Hypergoat is a well-structured Go port of an AT Protocol AppView server. The core architecture is sound: clean separation between packages, proper use of interfaces for database abstraction, and the dynamic GraphQL-from-lexicons concept is creative. All tests pass, go vet is clean. However, there are several significant issues ranging from security concerns to architectural weaknesses that should be addressed.

Overall Grade: B- — Solid foundation with meaningful gaps in security, concurrency safety, and production readiness.

1. CRITICAL: Security Concerns

1a. SQL Injection in JSONExtract Methods

The JSONExtract and JSONExtractPath methods in both SQLite and PostgreSQL executors interpolate user-controlled field and path values directly into SQL strings:

// sqlite/executor.go:126
func (e *Executor) JSONExtract(column, field string) string {
    return fmt.Sprintf("json_extract(%s, '$.%s')", column, field)
}
// postgres/executor.go:107
func (e *Executor) JSONExtract(column, field string) string {
    return fmt.Sprintf("%s->>'%s'", column, field)
}

If any caller passes user input here, it's injectable. These should sanitize/validate field names or use parameterized approaches.

1b. WebSocket Origin Check Disabled

// subscription/handler.go:57
CheckOrigin: func(r *http.Request) bool {
    return true // Allow all origins for development
}

This is fine for dev, dangerous in production. Needs to be configurable.

1c. `backfillActive` Race Condition

// admin/resolvers.go:299
r.backfillActive = true
go func() {
    defer func() { r.backfillActive = false }()
    ...
}()

This is a data race — backfillActive is read/written from multiple goroutines without synchronization. Should use atomic.Bool or a mutex.

1d. UseJTI Has a TOCTOU Race

// oauth/middleware.go:405
func UseJTI(ctx context.Context, store JTIStore, jti string, iat int64) (bool, error) {
    exists, err := store.Exists(ctx, jti)
    // ... check-then-act without atomicity
    err = store.Insert(ctx, &DPoPJTI{...})
}

The comment acknowledges this. Two concurrent requests could both pass the Exists check. The database UNIQUE constraint is the only real protection here.

1e. Admin API Auth is "Optional"

// main.go:396
r.Handle("/admin/graphql", adminHandler.OptionalAuth())

The admin GraphQL endpoint allows unauthenticated introspection and some queries.
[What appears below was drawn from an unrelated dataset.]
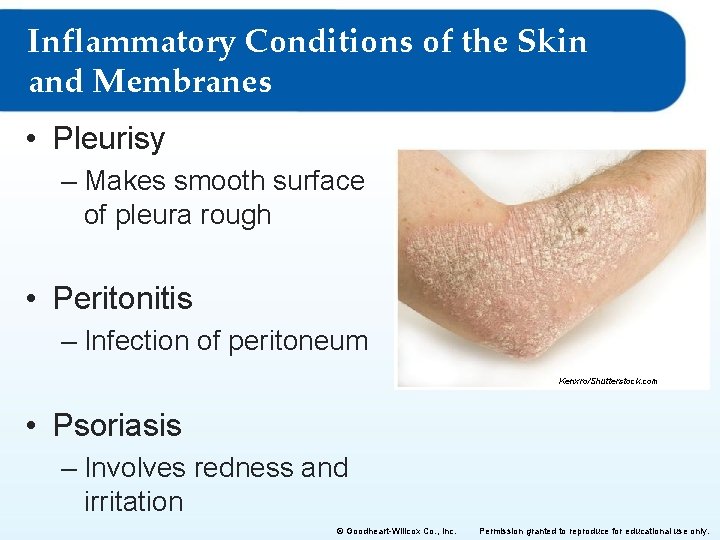 Inflammatory Conditions of the Skin and Membranes • Pleurisy – Makes smooth surface of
While intentional for dev, mutations like resetAll, updateSettings, addAdmin need strict auth gating.

2. HIGH: Architectural Issues

2a. God Function: `main.go:run()` — 700 lines

The run() function is an enormous monolith handling:

Config loading, DB setup, migrations
OAuth setup, admin setup, backfill setup
Router configuration with inline handlers
Jetstream consumer lifecycle
Graceful shutdown

This needs decomposition into discrete startup phases.

2b. Pervasive `os.Getenv` Calls Outside Config

Despite having a config package, the codebase directly reads environment variables in:

main.go (ADMIN_DIDS, LEXICON_DIR, JETSTREAM_, BACKFILL_, DOMAIN_DID)
backfill/backfill.go (6+ env vars in DefaultConfig)
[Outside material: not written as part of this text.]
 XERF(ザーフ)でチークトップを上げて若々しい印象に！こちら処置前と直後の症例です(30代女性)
This defeats centralized configuration and makes testing difficult.

2c. `scanRows` is Unimplemented

Both SQLite and PostgreSQL executors have scanRows functions that do nothing:

// sqlite/executor.go:187
func scanRows(rows *sql.Rows, dest any) error {
    // TODO: Implement struct scanning using reflection
    return nil
}

The Query method on both executors returns nil without actually scanning data. This means the Executor.Query() method is effectively broken — all database reads go through DB().QueryContext() directly, bypassing the abstraction.
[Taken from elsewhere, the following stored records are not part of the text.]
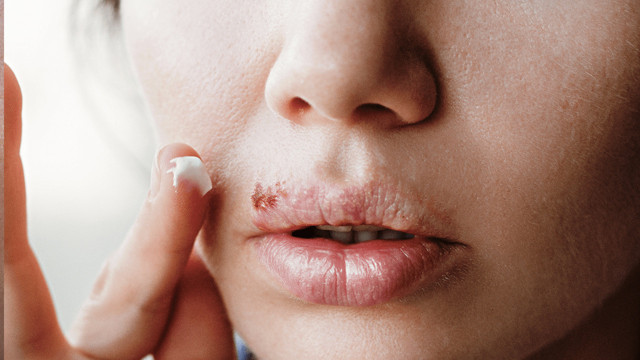 Dudağınızda çıkan uçuğu yok edecek doğal karışım! Günde 4 kez sürün sonucu görün - Resim: 0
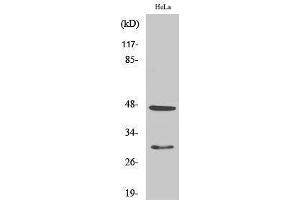 Western Blotting (WB) image for anti-Cathepsin D (CTSD) (Internal Region) antibody (ABIN3183692) (Cathepsin D antibody  (Internal Region))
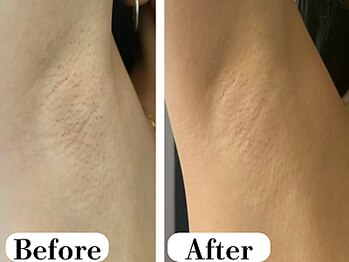 ビースキン 広島(BE:SKIN)/全身脱毛/フェイシャル/VIO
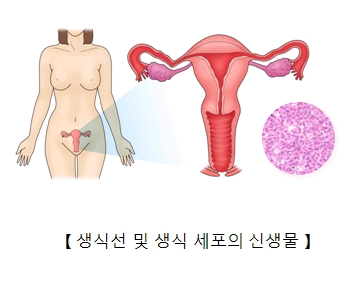 생식선 및 생식 세포의 신생물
2d. Massive Code Duplication

extractCreatedAt is implemented three times: main.go:728, admin/resolvers.go:956, backfill/backfill.go:846
parseTimestamp / timestamp parsing logic duplicated across repos and main
redactURL/redactPassword duplicated between config.go and server/database.go
convertToAny in repositories/records.go duplicates convertParams in both executors
ParseCollections duplicated between jetstream/client.go and backfill/backfill.go
The collection resolver and generic records resolver in schema/builder.go are ~90% identical code (lines 417-530 vs 534-643)

2e. Global PubSub Singleton

// subscription/pubsub.go:134
var globalPubSub = NewPubSub()
func Global() *PubSub { return globalPubSub }

Global mutable state makes testing unreliable and prevents running multiple instances. Should be injected via dependency injection.

2f. PubSub Subscriber ID Uses Rune Conversion

// pubsub.go:60
ps.nextID++
id := string(rune(ps.nextID))

This converts an int64 to a rune to a string — producing unprintable/colliding IDs. After 1,114,112 subscribers (max Unicode), it wraps. Use strconv.FormatInt instead.

3. MEDIUM: Reliability & Correctness

3a. No Transaction Support in the Executor Interface

The Executor interface has no BeginTx method. All transaction usage bypasses it via db.DB().BeginTx():

// records.go:134
tx, err := r.db.DB().BeginTx(ctx, nil)

This means transactions skip the parameterized value system and constraint detection entirely.

3b. Pagination Correctness Issue

The cursor-based pagination re-sorts by createdAt after fetching by indexed_at:

// Fetch extra records to allow for re-sorting by createdAt
fetchLimit := first * 2

Over-fetching by 2x doesn't guarantee correctness — records could span page boundaries unpredictably. If a page requests 20 records, fetching 50 and re-sorting can still miss records or produce duplicates.

3c. Unbounded ZIP Upload Processing

// admin/resolvers.go:229
func (r *Resolver) UploadLexicons(ctx context.Context, zipBase64 string) (int, error) {
    zipData, err := base64.StdEncoding.DecodeString(zipBase64)

No size limit on the base64 input. A malicious upload could OOM the server. Needs max size validation.

3d. Jetstream Event Channel Buffer Drops

// jetstream/client.go:166
select {
case c.events <- event:
default:
    slog.Warn("Event channel full, dropping event")
}

Events are silently dropped under load. This means data loss in the indexer, which for an AppView is a correctness violation.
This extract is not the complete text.